The tools we’re creating will become part of the information WSDOT uses to understand needs and develop future projects. Projects might be small ones made when a section of highway is repaved, construction to connect a regional trail so people can use a better route than the highway shoulder, or a redesign to make a town center’s Main Street work better for everybody. Statewide needs will also consider bicycle/pedestrian projects from city and regional plans, which will become part of the needs assessment report.
Reminder that your voice matters!
- We want your opinion: Links to a form with questions about your transportation usage, challenges and priorities
- Map analysis for your feedback: A preview draft of our new way of assessing state routes for walking, bicycling and rolling
Level of Traffic Stress
WSDOT will be the third state DOT in the country to use Level of Traffic Stress (LTS) to analyze state highway for active transportation users, following Colorado and Oregon.
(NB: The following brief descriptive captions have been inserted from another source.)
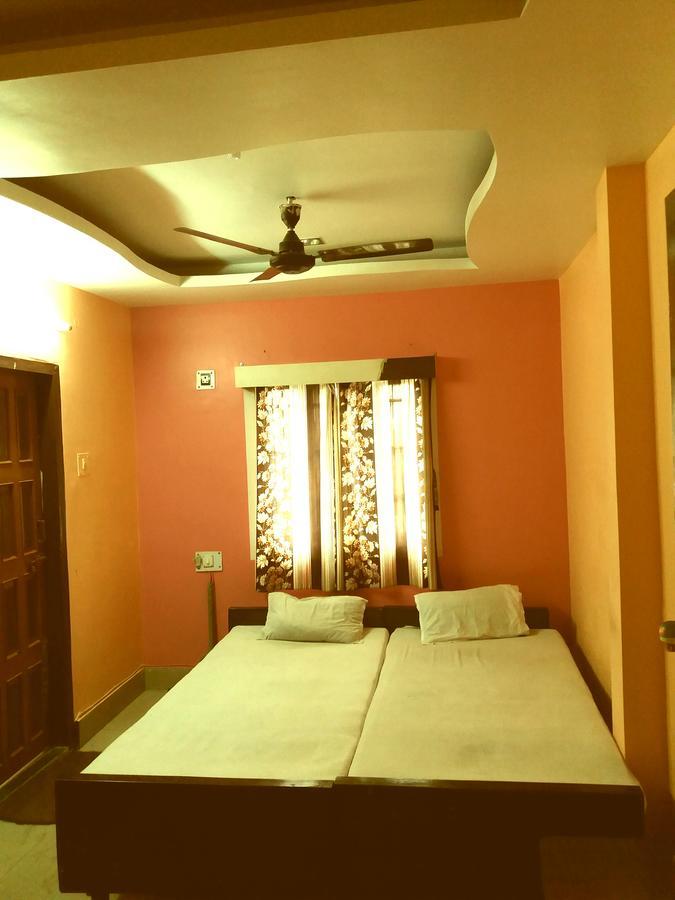Hotel Kunal Dhanbād Buitenkant foto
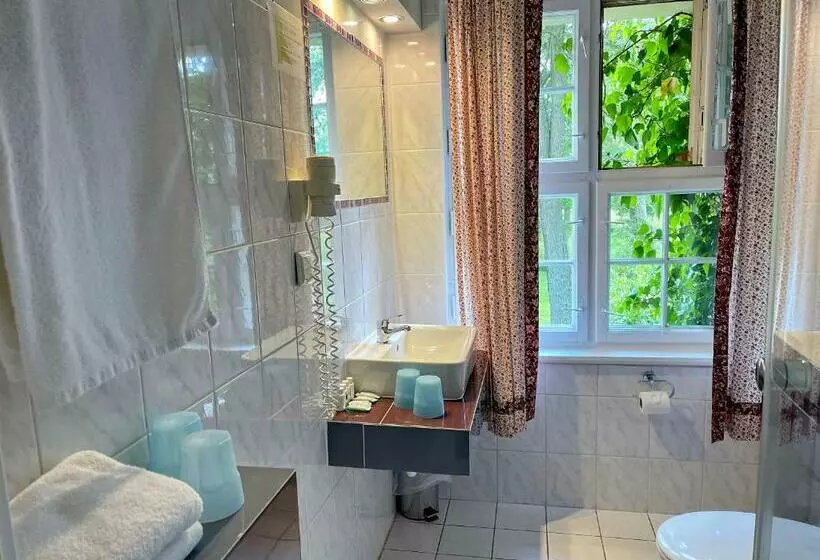 Hotelli Zamek Podewils Krag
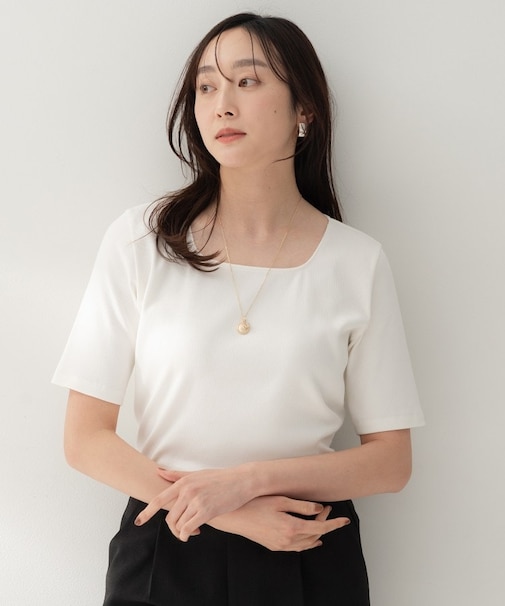 【羽織り物インナーにおすすめ】スクエアネックプルオーバー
This approach is used in Washington cities and counties including Skagit County, the Wenatchee Valley, Bellingham, and Seattle.
LTS measures specific elements of a stretch of road:
- How many cars, trucks and motorcycles go through in a day
- Number of travel lanes and the width of the road
- Whether people walking, bicycling and rolling have a space separated from the vehicle lane such as a sidewalk, side path or trail, or how wide the highway shoulder is
- The speed limit
- If the road is in the city or in the country
Stress is measured differently for bicyclists and pedestrians. Intersections are also evaluated. This approach is helpful both for us to understand where we may need to make changes, and for a user to anticipate what a given stretch of highway would be like if they were to walk or bike there.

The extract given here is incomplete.